◆ WORK TO COMPLETE ◆
Your answer is a copy of every line in the records where "orange" appears.

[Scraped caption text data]
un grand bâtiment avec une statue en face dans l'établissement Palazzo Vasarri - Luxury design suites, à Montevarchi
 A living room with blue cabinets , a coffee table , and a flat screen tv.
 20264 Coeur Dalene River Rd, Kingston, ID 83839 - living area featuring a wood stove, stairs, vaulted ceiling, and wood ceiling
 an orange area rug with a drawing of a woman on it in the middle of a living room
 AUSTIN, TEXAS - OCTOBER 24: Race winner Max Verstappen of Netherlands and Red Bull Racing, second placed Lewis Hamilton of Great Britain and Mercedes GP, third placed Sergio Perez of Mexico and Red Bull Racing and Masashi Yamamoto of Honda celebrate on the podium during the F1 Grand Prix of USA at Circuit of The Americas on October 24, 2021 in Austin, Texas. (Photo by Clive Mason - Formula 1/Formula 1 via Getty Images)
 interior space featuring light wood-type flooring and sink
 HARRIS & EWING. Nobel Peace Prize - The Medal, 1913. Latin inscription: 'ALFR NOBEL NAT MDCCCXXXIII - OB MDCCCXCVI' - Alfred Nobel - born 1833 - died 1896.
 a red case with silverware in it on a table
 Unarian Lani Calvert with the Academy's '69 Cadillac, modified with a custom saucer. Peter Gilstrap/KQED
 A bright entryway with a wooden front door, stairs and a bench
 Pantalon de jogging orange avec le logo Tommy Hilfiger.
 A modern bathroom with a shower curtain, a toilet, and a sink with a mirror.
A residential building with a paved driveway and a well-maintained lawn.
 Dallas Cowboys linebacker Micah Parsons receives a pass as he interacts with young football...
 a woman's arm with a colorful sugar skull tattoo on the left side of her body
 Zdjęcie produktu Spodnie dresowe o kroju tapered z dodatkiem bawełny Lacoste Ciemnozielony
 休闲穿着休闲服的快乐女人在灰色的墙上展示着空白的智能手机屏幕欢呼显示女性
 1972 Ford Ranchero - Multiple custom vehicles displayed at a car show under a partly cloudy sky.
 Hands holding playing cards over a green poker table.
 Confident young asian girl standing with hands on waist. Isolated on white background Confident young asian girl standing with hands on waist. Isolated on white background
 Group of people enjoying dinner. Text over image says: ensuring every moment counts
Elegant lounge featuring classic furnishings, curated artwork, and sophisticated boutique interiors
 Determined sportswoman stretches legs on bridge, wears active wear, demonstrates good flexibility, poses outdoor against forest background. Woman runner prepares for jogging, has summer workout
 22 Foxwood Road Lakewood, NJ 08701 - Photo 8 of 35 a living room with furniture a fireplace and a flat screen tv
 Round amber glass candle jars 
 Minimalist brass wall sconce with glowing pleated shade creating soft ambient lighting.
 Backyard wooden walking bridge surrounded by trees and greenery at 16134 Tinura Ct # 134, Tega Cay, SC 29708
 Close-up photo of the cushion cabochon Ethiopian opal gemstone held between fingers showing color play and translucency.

◆ WRITTEN SOLUTION ◆
 an orange area rug with a drawing of a woman on it in the middle of a living room
 Pantalon de jogging orange avec le logo Tommy Hilfiger.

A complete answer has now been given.